Pluronic consists of the hydrophobic polypropylene oxide (PPO) segments that works as pore forming agent, 
while the hydrophilic polyethylene oxide (PEO) segments in Pluronic endows the membranes surface with 
higher hydrophilicity (surface modifier) (Lv et al., 2007). This work has investigated on the influence of Pluronic 
at 1 %, 3 %, 5 % blend with PES membrane on xylitol purification from sugar mixtures. The fabricated 
membranes were further characterised for their contact angle, water flux, permeate flux, rejection and type of 
fouling. 

2. Experiments and methods 

2.1 Materials 
PES (MW = 37,000 Da) purchased from Good Fellow Co. was used as membrane main polymer. PES was 
dried at 60 °C for 72 h prior to use to remove moisture. N-methyl-2-pyrrolidone (NMP) was used as a solvent 
and purchased with analytical purity 99.7 % from Fluka, Germany. Pluronic F127 with a MW of 12,600 Da was 
purchased from Sigma as an additive. The synthetic sugar mixtures prepared from individual sugars of xylitol, 
xylose and arabinose were of analytical grade, purchased from Acros Organics and used without further 
purification. 

2.2 Fabrication of PES/Pluronic F127 membranes 
PES-Pluronic membranes were fabricated via phase inversion method (Mosqueda-Jimenez, Narbaitz et al. 
2004). The formulation of dope solution used PES (18 wt% in the casting solution) as a membrane matrix; 
Pluronic as the membrane additive acted as a modifier and pore-forming agent. PES and different ratio of 
Pluronic (1 wt%, 3 wt%, 5 wt%) was dissolved in NMP and stirred at 60 °C for 8 h to ensure homogeneous 
mixing, and left for 24 h to allow complete removal of bubbles. Next, the solution was cast on glass plate with a 
steel knife, and then immersed for 2 h in deionised (DI) water for solvent exchange. To remove the residual 
solvent, the membrane was immersed again in DI water for 24 h. 

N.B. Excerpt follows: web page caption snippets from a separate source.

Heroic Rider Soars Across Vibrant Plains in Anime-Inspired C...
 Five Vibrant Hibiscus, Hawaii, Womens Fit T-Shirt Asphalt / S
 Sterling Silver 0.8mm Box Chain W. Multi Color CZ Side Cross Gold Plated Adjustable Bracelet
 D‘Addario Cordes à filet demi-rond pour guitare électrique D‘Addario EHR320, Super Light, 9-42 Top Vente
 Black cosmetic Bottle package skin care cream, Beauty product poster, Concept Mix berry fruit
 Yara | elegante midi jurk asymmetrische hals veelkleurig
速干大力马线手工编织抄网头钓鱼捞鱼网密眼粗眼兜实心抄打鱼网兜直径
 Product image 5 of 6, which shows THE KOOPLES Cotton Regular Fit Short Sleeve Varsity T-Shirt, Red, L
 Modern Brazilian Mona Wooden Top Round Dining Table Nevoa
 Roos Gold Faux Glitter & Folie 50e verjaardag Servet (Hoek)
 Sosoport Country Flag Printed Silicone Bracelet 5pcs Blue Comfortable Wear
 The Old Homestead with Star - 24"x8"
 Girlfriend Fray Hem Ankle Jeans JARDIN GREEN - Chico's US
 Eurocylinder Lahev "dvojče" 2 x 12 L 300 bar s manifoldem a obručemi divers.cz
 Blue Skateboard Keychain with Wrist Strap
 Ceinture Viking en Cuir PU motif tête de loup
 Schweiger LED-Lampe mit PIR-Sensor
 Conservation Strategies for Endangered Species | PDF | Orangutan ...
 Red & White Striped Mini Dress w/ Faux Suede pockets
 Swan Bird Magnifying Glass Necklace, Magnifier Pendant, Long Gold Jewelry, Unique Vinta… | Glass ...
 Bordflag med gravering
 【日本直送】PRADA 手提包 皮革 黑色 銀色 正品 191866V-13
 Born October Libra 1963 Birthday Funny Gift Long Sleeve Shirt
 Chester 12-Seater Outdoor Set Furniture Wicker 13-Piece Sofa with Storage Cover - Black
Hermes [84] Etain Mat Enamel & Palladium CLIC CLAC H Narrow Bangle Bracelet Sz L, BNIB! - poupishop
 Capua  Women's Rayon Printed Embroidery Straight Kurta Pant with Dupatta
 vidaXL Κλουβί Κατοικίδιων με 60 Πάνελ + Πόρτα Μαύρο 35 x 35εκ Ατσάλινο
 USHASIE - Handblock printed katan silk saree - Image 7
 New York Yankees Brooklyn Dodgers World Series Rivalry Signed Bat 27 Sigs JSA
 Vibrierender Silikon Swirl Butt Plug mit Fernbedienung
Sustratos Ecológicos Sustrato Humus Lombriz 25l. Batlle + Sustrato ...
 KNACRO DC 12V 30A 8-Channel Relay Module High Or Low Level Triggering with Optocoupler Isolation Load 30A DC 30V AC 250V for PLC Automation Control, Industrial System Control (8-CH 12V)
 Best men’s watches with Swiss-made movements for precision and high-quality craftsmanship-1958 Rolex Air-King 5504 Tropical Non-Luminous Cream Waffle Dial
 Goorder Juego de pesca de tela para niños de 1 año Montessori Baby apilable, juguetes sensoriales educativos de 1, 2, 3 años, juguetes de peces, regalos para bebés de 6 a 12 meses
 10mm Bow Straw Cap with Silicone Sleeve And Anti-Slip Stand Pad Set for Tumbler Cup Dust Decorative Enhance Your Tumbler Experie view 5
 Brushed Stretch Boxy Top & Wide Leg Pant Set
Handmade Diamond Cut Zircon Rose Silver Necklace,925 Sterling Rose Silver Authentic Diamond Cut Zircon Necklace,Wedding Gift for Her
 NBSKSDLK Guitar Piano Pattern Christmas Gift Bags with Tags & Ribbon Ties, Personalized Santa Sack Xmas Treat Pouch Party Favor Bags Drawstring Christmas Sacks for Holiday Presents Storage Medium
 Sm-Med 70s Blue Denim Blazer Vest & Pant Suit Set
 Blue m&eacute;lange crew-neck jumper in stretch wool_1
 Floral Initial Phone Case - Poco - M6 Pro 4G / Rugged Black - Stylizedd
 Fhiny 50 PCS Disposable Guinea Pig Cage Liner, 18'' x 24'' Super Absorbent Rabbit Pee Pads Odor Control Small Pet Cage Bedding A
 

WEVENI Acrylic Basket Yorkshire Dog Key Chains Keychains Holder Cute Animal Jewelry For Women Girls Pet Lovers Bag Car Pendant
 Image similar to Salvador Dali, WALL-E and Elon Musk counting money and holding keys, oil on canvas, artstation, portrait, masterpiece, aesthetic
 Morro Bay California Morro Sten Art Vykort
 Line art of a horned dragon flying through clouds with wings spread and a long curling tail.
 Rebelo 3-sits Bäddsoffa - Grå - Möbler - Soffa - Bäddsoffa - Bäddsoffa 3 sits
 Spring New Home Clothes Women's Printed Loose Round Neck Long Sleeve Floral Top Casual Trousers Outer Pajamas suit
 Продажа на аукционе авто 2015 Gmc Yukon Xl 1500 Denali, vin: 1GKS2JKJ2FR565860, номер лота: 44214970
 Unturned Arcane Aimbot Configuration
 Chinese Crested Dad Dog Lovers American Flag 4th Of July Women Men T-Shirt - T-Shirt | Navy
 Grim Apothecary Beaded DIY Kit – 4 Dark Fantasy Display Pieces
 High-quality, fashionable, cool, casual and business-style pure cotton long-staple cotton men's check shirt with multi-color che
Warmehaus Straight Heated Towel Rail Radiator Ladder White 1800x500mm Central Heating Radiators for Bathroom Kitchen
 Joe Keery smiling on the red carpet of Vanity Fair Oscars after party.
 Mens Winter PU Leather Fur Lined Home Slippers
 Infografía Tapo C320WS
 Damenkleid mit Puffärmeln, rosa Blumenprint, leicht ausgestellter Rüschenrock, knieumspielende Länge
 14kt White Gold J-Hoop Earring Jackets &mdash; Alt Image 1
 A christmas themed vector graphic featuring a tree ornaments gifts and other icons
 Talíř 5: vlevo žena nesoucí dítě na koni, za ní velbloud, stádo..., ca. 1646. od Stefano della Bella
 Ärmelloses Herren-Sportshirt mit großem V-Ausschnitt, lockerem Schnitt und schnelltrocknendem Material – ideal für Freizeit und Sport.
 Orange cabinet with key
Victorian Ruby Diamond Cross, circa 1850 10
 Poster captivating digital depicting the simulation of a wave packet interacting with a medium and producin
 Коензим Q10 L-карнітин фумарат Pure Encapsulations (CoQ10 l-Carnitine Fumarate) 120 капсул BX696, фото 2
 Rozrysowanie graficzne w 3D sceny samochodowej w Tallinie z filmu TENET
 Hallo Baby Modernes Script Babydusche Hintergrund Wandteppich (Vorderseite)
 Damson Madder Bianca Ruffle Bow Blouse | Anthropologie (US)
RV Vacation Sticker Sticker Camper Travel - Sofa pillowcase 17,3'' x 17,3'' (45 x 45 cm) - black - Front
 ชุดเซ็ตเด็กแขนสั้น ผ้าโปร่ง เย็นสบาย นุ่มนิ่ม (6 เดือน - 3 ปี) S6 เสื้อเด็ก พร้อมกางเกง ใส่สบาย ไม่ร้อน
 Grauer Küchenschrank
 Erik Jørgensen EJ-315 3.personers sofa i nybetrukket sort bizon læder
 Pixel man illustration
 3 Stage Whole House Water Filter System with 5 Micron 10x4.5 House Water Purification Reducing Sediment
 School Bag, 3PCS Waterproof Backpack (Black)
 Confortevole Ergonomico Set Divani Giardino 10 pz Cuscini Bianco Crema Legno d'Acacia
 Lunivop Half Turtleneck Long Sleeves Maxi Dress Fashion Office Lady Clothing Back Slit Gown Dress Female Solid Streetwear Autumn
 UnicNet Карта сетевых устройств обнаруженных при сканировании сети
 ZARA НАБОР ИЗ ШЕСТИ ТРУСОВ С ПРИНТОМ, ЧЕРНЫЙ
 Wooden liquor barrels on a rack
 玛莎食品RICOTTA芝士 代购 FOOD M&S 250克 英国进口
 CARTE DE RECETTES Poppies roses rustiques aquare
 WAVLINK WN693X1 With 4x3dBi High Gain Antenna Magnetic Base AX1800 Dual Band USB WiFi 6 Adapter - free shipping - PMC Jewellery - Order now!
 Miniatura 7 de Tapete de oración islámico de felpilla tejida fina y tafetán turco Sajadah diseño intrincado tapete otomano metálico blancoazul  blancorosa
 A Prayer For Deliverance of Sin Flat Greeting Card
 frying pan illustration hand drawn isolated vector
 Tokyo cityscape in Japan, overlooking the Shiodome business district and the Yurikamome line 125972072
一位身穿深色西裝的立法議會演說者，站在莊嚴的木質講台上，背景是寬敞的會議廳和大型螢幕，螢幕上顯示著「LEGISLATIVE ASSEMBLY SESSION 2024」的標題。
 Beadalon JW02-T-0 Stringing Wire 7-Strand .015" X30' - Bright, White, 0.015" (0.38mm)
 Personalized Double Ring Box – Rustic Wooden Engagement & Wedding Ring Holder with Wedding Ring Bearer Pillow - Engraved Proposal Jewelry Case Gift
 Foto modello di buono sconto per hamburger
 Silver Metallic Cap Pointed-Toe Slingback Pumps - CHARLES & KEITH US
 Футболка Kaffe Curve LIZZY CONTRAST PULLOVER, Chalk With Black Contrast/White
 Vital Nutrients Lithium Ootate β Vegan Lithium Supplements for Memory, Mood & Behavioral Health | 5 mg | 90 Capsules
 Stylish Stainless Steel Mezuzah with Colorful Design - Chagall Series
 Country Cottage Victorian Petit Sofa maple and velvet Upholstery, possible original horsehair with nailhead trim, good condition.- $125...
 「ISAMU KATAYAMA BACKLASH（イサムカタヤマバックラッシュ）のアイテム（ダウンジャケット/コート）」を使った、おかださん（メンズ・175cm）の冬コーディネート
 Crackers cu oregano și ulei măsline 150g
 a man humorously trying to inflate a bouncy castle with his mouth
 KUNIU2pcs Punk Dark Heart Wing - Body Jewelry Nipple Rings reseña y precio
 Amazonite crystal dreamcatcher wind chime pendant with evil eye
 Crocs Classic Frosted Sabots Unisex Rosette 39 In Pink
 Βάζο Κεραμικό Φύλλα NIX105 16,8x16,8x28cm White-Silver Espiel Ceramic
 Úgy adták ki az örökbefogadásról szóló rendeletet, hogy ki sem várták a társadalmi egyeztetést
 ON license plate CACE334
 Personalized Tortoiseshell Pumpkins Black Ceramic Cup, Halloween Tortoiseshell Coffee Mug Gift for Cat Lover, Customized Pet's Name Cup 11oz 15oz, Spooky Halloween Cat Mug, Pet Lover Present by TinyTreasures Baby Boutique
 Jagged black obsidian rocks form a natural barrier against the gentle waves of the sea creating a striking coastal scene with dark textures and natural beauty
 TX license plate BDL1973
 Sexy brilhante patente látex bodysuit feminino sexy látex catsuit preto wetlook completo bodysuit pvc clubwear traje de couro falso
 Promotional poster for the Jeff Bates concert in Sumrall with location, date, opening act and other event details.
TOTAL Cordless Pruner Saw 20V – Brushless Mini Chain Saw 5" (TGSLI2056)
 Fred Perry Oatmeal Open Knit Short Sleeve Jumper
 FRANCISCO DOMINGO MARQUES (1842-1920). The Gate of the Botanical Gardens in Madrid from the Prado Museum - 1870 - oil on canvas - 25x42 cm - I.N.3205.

2.3 PES-Pluronic membranes characterisation 
The contact angle of all membranes were measured using Rame-Hart model 200 standard contact angle 
goniometer with DROPimage Standard software with an accuracy of 60.10°. The membranes were dried for 72 
h before testing.  

2.4 Separation performance measurement 
Membrane water flux and solution separation performance were measured using a dead end filtration cell 
(Sterlitech HP4750, Sterlitech Corporation, USA). All filtration experiments were carried out at 25 °C with stirring 
speed at 500 rpm. Initially, membranes were pressurised with DI water at 14 bar for 2 h for compaction purposes. 
The compaction was done to ensure steady flow of water and solutes in the real filtration. The water flux1 is 
defined from Eq(1). 

𝐽𝑤 = 𝑉 (𝐴 × 𝑡)⁄   (1) 

Where Jw indicates to water flux (L/m2.h), V is permeate volume (L), A is an effective area of the membrane 
(0.00146 m2), and t is the filtration time (h). 
Rejection tests were conducted using synthetic solution of 19.1 g/L xylitol, 1.44 g/L xylose and 2.7 g/L arabinose, 
with MW ranging from 150.15 g/mol to 152.15 g/mol, similar to the solution produced in real fermentation broth 
(Mussatto et al., 2006). Firstly, the dead end cell was filled with xylitol mixture solution, where the experiments 
was run at 4 bar with 500 rpm. The rejection of xylitol was calculated from Eq(2) as shown below: 

𝑅 = 1 − 𝐶𝑝 𝐶𝑓⁄ × 100 (2) 

Where R is rejection (%), Cp and Cf (g/L) are permeate and feed concentration. 
The permeate concentration, Cp is obtained from HPLC analysis (Ultimate 3,000, Thermo scientific, USA), under 
the following analytical conditions: RPM column (Rezex, dimension: 300 ņ 7.8 mm, USA), Refractive Index (RI)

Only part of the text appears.